Deutsche Journalisten kämpfen für Minarette in der Schweiz


Kaum wurde am Sonntag (29.11.2009) das Ergebnis der Schweizer Volksabstimmung über den Bau von Minaretten bekannt, da quollen die deutschen Medien über vor Entsetzen über die „reaktionären Schweizer“, diese von „rechtspopulistischen“, „rechtskonservativen“ oder einfach nur „rechtsextremen“ Kräften dominierten Bürger eines Landes, das „nun eine Religion völkerrechtswidrig diskriminiert“ [2]. Ob Tagesschau, taz oder FAZ, ob SPIEGEL, WELT oder ZDF, es wurde aus vollen Rohren in Richtung Schweiz geballert, so als wolle man die von den Nazis aufgeschobene Invasion der Schweiz jetzt schnellstens nachholen und den Schweizern zeigen, wer in Europa was zu sagen hat.

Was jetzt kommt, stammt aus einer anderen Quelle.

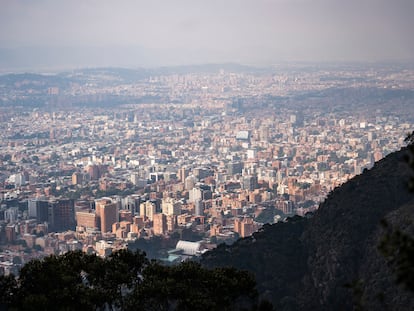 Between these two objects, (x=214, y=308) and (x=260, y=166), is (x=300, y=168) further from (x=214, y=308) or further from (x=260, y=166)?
(x=214, y=308)

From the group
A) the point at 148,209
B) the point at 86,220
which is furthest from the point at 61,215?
the point at 148,209

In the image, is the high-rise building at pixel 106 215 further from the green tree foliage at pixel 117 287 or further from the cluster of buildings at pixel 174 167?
the green tree foliage at pixel 117 287

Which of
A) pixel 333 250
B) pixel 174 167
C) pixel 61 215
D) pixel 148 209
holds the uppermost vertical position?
pixel 333 250

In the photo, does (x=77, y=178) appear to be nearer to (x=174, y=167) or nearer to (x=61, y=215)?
(x=174, y=167)

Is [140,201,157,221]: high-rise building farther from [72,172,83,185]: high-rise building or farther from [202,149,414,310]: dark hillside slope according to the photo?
[202,149,414,310]: dark hillside slope

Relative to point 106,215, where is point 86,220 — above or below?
below

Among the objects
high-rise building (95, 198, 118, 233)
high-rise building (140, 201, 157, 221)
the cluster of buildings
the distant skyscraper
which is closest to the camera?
the distant skyscraper

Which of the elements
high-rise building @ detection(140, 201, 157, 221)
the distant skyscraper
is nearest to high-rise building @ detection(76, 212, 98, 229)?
high-rise building @ detection(140, 201, 157, 221)
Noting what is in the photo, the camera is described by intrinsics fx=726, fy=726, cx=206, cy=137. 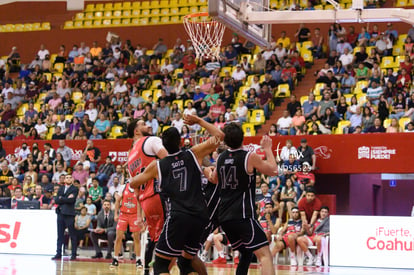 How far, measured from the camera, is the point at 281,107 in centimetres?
2211

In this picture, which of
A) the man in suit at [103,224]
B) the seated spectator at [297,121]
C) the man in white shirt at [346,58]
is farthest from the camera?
the man in white shirt at [346,58]

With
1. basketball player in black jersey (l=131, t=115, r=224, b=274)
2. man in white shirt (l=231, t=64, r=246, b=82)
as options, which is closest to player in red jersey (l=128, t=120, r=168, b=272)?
basketball player in black jersey (l=131, t=115, r=224, b=274)

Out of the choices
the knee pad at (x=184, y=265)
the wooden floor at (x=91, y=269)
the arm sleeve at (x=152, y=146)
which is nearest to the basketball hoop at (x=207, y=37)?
the wooden floor at (x=91, y=269)

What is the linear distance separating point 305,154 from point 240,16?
22.0ft

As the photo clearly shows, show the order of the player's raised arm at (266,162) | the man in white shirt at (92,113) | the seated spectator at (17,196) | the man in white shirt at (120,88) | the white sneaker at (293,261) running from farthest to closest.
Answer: the man in white shirt at (120,88) < the man in white shirt at (92,113) < the seated spectator at (17,196) < the white sneaker at (293,261) < the player's raised arm at (266,162)

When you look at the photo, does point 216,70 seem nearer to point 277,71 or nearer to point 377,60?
point 277,71

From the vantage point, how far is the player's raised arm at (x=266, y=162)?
8.06m

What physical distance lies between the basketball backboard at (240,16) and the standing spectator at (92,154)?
9.05m

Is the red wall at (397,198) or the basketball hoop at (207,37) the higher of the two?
the basketball hoop at (207,37)

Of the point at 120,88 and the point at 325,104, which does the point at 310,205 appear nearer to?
the point at 325,104

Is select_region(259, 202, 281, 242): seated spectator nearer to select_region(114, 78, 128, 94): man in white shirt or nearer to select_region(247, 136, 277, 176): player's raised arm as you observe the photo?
select_region(247, 136, 277, 176): player's raised arm

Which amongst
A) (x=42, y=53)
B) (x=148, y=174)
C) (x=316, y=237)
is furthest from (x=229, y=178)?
(x=42, y=53)

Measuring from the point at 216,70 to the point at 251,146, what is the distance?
18.4ft

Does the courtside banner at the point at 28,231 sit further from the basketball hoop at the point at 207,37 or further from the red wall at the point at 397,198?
the red wall at the point at 397,198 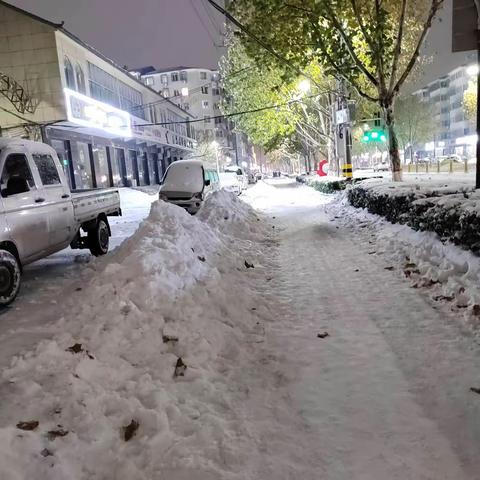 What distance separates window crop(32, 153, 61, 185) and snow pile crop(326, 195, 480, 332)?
230 inches

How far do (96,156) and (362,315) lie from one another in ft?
94.8

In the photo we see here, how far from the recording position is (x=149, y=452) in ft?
10.4

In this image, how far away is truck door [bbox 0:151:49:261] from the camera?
686 cm

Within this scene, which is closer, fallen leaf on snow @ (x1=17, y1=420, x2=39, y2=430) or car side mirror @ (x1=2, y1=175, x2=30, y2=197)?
fallen leaf on snow @ (x1=17, y1=420, x2=39, y2=430)

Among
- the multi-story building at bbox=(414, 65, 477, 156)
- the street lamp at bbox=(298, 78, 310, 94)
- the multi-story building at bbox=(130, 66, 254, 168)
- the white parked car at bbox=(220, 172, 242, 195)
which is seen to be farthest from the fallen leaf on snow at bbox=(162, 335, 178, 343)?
the multi-story building at bbox=(414, 65, 477, 156)

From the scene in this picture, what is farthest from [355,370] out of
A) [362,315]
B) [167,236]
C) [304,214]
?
[304,214]

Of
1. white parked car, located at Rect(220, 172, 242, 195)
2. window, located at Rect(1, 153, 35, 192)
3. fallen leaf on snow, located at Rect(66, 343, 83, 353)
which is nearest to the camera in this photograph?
fallen leaf on snow, located at Rect(66, 343, 83, 353)

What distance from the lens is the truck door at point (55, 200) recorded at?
8023 mm

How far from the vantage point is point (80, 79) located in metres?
27.1

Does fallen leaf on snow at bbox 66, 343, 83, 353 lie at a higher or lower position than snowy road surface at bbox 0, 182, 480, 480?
higher

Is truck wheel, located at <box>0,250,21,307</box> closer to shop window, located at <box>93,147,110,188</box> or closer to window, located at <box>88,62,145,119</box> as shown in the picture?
window, located at <box>88,62,145,119</box>

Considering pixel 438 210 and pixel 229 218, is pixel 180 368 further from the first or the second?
pixel 229 218

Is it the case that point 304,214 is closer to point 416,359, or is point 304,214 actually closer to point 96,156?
point 416,359

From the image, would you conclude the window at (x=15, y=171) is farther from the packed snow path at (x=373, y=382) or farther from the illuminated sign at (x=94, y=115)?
the illuminated sign at (x=94, y=115)
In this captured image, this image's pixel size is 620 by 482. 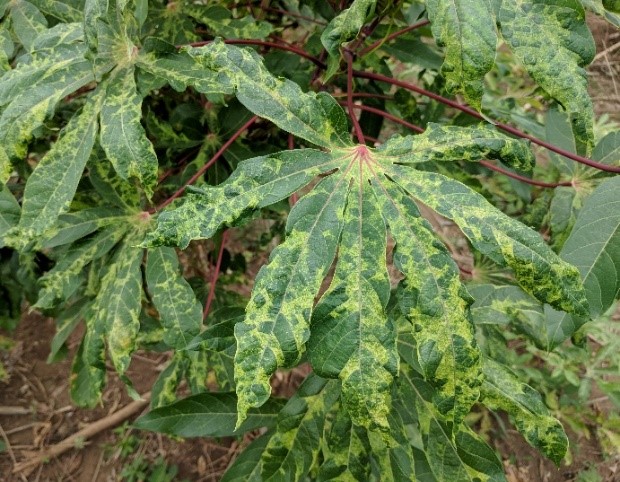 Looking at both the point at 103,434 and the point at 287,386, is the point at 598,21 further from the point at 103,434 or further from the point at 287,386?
the point at 103,434

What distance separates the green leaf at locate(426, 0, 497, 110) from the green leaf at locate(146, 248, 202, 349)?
20.9 inches

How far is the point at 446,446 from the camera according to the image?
0.84 meters

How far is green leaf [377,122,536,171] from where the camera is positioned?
0.70 metres

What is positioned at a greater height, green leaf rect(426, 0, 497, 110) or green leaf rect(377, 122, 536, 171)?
green leaf rect(426, 0, 497, 110)

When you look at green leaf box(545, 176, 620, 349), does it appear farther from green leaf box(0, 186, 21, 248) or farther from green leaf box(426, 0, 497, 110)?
green leaf box(0, 186, 21, 248)

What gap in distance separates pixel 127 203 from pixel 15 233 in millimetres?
202

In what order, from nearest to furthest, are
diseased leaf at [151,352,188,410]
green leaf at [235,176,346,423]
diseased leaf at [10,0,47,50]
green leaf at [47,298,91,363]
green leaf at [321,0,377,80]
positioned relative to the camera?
green leaf at [235,176,346,423] → green leaf at [321,0,377,80] → diseased leaf at [10,0,47,50] → diseased leaf at [151,352,188,410] → green leaf at [47,298,91,363]

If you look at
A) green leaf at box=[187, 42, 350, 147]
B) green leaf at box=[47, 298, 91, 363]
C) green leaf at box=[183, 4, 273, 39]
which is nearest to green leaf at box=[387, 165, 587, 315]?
green leaf at box=[187, 42, 350, 147]

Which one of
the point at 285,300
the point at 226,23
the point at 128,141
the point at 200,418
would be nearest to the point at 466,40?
the point at 285,300

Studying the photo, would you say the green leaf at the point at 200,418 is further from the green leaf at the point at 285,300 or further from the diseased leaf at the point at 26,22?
the diseased leaf at the point at 26,22

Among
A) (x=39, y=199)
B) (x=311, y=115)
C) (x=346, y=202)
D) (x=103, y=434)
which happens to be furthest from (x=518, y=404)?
(x=103, y=434)

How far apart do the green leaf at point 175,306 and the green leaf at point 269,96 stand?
1.16 ft

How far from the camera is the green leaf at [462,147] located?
70 centimetres

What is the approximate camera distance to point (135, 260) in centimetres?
94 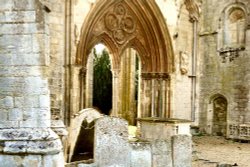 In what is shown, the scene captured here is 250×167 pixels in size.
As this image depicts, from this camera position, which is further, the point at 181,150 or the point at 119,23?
the point at 119,23

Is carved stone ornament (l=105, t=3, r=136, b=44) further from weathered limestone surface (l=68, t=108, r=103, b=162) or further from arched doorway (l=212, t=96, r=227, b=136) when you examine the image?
weathered limestone surface (l=68, t=108, r=103, b=162)

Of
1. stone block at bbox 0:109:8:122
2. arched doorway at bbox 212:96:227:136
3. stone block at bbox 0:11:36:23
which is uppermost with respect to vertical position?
stone block at bbox 0:11:36:23

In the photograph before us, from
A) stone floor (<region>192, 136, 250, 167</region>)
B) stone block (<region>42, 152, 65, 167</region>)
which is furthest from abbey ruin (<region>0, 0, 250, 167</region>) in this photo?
stone block (<region>42, 152, 65, 167</region>)

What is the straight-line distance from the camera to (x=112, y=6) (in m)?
14.1

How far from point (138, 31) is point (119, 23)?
0.79 m

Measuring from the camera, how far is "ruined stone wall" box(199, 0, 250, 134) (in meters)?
15.1

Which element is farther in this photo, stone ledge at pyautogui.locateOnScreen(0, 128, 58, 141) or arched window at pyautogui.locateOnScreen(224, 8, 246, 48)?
arched window at pyautogui.locateOnScreen(224, 8, 246, 48)

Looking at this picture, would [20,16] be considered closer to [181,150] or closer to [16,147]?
[16,147]

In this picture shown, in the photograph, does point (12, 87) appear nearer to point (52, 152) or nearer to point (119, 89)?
point (52, 152)

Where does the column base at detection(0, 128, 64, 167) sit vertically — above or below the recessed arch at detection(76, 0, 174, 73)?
below

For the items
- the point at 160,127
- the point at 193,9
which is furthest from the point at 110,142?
the point at 193,9

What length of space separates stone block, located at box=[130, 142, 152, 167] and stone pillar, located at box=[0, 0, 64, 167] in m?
1.57

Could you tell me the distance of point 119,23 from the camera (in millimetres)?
14609

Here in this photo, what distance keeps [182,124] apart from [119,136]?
15.2ft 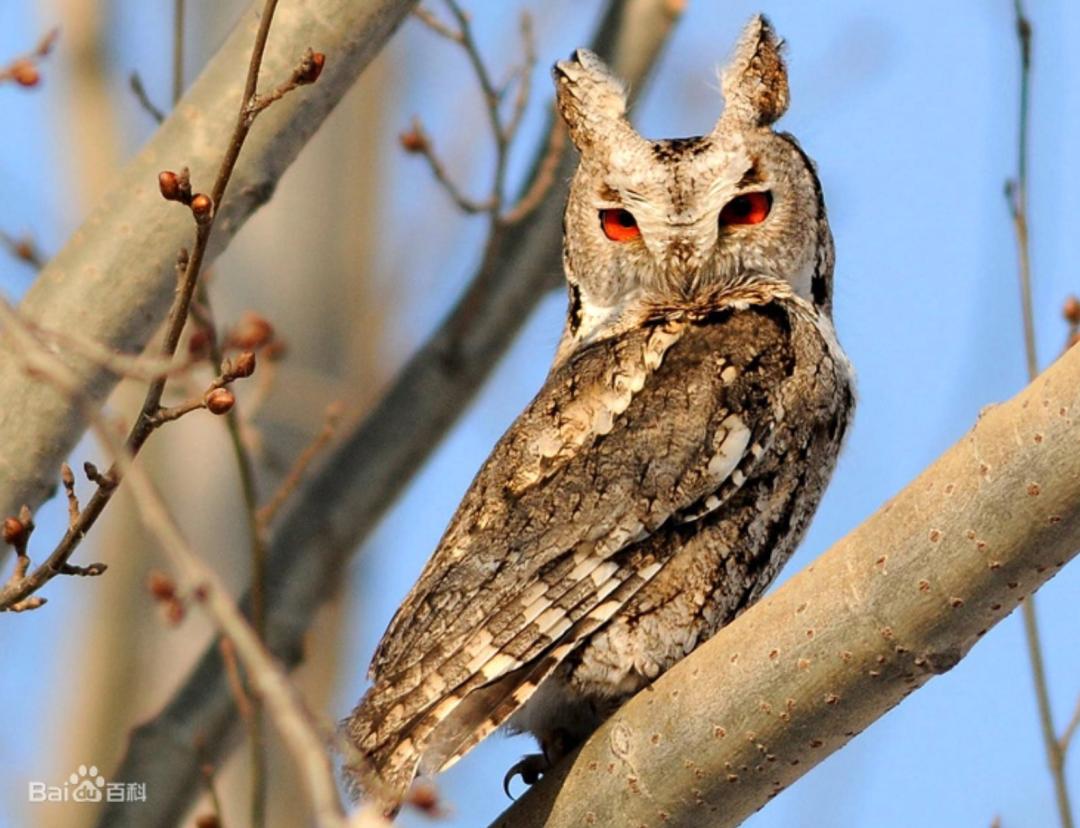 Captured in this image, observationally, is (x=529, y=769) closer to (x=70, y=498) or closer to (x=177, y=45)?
(x=70, y=498)

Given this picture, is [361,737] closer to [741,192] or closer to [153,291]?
[153,291]

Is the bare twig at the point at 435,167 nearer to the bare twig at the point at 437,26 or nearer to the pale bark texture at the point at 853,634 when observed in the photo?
the bare twig at the point at 437,26

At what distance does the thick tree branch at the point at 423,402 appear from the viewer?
15.7 feet

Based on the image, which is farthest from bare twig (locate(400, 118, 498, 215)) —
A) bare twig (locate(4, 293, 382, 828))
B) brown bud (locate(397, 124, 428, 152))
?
bare twig (locate(4, 293, 382, 828))

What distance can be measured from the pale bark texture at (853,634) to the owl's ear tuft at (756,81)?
1.79 metres

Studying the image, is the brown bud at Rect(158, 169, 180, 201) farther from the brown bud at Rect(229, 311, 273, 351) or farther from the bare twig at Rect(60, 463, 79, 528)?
the brown bud at Rect(229, 311, 273, 351)

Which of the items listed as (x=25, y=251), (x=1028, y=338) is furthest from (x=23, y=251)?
(x=1028, y=338)

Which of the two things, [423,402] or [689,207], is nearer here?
[689,207]

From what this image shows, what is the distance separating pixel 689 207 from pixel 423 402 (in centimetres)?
126

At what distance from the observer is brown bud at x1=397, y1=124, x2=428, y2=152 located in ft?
15.4

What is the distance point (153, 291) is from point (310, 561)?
1607 millimetres

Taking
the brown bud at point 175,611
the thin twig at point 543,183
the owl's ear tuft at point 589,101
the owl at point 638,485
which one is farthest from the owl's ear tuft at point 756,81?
the brown bud at point 175,611

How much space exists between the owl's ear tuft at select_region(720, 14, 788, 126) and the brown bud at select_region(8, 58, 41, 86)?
1.58m

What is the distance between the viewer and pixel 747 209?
402cm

Aus der gigantischen Presse- und Medien-Schlammschlacht gegen die „Schweizer Reaktionäre“ möchte ich nur zwei Ereignisse besonders hervorheben: zum einen den Artikel des 31-jährigen Schweizer Journalisten und SPIEGEL-Redakteurs (Spiegel Special) Mathieu von Rohr [2], sowie den Auftritt von Claudia Roth in einer Diskussionsrunde bei Phoenix am Abend des 29.11. zum Thema „Religion und Meinungsfreiheit: Schluss mit lustig?“.

von Rohr, der Anfang des Jahres in Gaza war [3] , „einem der traurigsten Orte der Welt”, von wo er im Stile von Ulrike Putz in höchstem Maße „authentisch“ berichtete, mit anderen Worten „pragmatischen“ Hamas-Mitgliedern die Hände schüttelte und die Israelis ausschliesslich als unmenschliche, gnadenlose Militaristen darstellte, dieser von Rohr also sah sich nun in seinem Heimatland Schweiz einem ähnlich gnadenlosen, reaktionären Feind gegenüber:

Das Land, das sich gerne als neutrale Hüterin der Menschenrechte sieht, das Land, in dem das Rote Kreuz gegründet wurde und die Genfer Konvention beschlossen wurde – dieses vermeintliche demokratische Musterland missachtet das Menschenrecht der freien Religionsausübung und diskriminiert eine einzelne Religionsgruppe, die Muslime.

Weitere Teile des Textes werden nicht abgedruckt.